Legacy NMS — the FCAPS box that polled SNMP, ingested CSV PM files, and rendered PowerPoint dashboards — is finally dying. In 2026, every greenfield 5G core NOC is built on the same stack: Prometheus, Grafana, Tempo, Loki. Sometimes Mimir or VictoriaMetrics for long-term storage. The acronym is LGTM (Loki, Grafana, Tempo, Mimir).
If you are still running OSS Mediation 4.x, this is what your replacement looks like.
The three pillars, telecom edition
| Pillar | Tool | 5G use case |
|---|---|---|
| Metrics | Prometheus / Mimir | Session count, throughput, NRF registration health, RAN KPIs |
| Traces | Tempo | SBA call chains: AMF -> SMF -> UPF, latency per hop |
| Logs | Loki | NF logs, gNB syslogs, audit trails |
The magic is correlation. Click a latency spike in a Grafana panel, jump to the trace, jump from trace span to the logs of the pod that emitted it. One UI, three data stores, two clicks.
Prometheus for 5G NFs
3GPP TS 28.552 defines the PM measurements. Most cloud-native NFs expose them on a /metrics endpoint in Prometheus exposition format. The naming is not perfectly standardized — vendors map 3GPP measurement names to Prometheus metric names with their own prefixes — but the values are correct.
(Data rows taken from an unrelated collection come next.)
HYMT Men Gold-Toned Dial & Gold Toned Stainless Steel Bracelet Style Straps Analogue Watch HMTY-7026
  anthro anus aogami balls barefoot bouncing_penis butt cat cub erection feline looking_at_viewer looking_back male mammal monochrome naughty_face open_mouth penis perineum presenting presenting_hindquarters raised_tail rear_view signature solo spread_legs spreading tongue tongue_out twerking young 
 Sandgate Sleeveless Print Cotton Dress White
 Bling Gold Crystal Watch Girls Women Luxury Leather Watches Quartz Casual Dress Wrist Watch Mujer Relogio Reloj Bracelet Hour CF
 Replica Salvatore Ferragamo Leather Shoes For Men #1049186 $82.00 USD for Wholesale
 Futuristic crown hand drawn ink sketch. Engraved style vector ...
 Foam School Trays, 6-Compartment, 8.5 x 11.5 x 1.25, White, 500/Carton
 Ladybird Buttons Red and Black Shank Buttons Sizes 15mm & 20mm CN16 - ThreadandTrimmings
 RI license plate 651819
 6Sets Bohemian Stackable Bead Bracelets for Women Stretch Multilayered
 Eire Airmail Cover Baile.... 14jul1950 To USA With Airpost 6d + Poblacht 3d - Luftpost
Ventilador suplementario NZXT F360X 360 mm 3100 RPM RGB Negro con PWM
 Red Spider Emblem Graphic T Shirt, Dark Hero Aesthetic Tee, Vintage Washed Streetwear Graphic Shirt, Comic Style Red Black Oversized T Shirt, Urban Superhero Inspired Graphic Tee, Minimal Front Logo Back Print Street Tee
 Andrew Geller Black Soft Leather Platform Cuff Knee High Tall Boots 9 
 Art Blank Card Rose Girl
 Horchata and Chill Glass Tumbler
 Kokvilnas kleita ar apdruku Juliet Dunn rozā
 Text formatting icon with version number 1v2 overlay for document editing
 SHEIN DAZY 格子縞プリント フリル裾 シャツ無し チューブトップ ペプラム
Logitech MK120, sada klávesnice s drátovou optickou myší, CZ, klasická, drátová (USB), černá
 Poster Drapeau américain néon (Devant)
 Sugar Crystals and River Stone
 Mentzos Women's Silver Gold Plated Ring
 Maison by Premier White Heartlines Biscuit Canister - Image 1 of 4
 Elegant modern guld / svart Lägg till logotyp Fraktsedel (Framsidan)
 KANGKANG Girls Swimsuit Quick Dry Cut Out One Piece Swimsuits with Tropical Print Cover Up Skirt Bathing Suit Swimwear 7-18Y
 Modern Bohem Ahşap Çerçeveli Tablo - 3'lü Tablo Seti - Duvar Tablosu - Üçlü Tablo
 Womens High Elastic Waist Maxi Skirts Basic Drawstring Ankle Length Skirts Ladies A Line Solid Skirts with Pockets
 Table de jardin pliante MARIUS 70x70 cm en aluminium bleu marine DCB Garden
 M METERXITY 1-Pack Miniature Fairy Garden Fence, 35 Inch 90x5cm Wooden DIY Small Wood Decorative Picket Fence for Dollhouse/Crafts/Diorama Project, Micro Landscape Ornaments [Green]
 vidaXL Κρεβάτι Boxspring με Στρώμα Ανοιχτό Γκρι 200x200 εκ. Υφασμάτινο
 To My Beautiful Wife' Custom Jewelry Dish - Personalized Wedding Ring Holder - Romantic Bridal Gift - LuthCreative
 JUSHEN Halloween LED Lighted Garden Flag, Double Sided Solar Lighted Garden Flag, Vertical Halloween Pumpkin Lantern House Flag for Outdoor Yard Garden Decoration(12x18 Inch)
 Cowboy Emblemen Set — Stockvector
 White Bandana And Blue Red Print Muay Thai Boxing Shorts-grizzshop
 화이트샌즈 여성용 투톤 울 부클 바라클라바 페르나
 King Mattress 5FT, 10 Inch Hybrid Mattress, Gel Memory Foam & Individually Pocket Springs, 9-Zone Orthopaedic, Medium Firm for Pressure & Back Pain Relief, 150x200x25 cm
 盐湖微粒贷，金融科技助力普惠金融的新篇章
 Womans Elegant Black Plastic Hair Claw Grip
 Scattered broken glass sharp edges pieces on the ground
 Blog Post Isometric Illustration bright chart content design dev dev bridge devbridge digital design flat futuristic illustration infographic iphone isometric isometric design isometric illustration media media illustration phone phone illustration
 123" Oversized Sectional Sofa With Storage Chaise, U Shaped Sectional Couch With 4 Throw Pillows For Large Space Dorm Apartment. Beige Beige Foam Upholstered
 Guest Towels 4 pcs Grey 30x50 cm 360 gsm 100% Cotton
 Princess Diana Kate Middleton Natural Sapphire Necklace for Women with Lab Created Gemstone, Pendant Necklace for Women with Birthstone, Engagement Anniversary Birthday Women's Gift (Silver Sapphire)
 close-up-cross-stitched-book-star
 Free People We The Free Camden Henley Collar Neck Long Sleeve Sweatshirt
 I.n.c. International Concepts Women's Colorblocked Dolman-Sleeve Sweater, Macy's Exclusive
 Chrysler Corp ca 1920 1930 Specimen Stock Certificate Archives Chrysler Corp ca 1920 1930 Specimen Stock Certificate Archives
A reasonable scrape config:
scrape_configs:
- job_name: 5gc-nfs
kubernetes_sd_configs:
- role: pod
relabel_configs:
- source_labels: [__meta_kubernetes_pod_annotation_prometheus_io_scrape]
action: keep
regex: "true"
- source_labels: [__meta_kubernetes_pod_label_nf_type]
target_label: nf_type
- source_labels: [__meta_kubernetes_namespace]
target_label: namespace
Key metrics to watch per NF:
- NRF:
nrf_nf_instances_total,nrf_nf_status_notify_total - AMF:
amf_registered_subscribers,amf_n1_n2_message_transfer_total,amf_pdu_session_establishment_total - SMF:
smf_session_count,smf_pfcp_message_total{type="..."} - UPF:
upf_session_count,upf_throughput_bytes,upf_dropped_packets_total
RAN side, gNBs increasingly export Prometheus directly or via an O1 -> Prometheus adapter. O-RAN SC's SMO already speaks Prometheus.
Recording rules for derived KPIs
3GPP KPIs like Registration Success Rate are ratios. Compute them once with recording rules:
groups:
- name: 5gc-kpis
interval: 30s
rules:
- record: amf:registration_success_rate:5m
expr: |
sum(rate(amf_registration_total{result="success"}[5m]))
/
sum(rate(amf_registration_total[5m]))
- record: smf:session_establishment_success_rate:5m
expr: |
sum(rate(smf_session_establishment_total{result="success"}[5m]))
/
sum(rate(smf_session_establishment_total[5m]))
Dashboards now query the recording rule, which is cheap, instead of recomputing the ratio every render.
Tempo and distributed tracing
SBA is HTTP/2-based. Every NF that supports W3C Trace Context propagates traceparent headers across SBI calls. Without tracing, debugging "why did this PDU session establishment take 8 seconds" means correlating logs across 5 NFs by timestamp. With tracing, you get a flame graph.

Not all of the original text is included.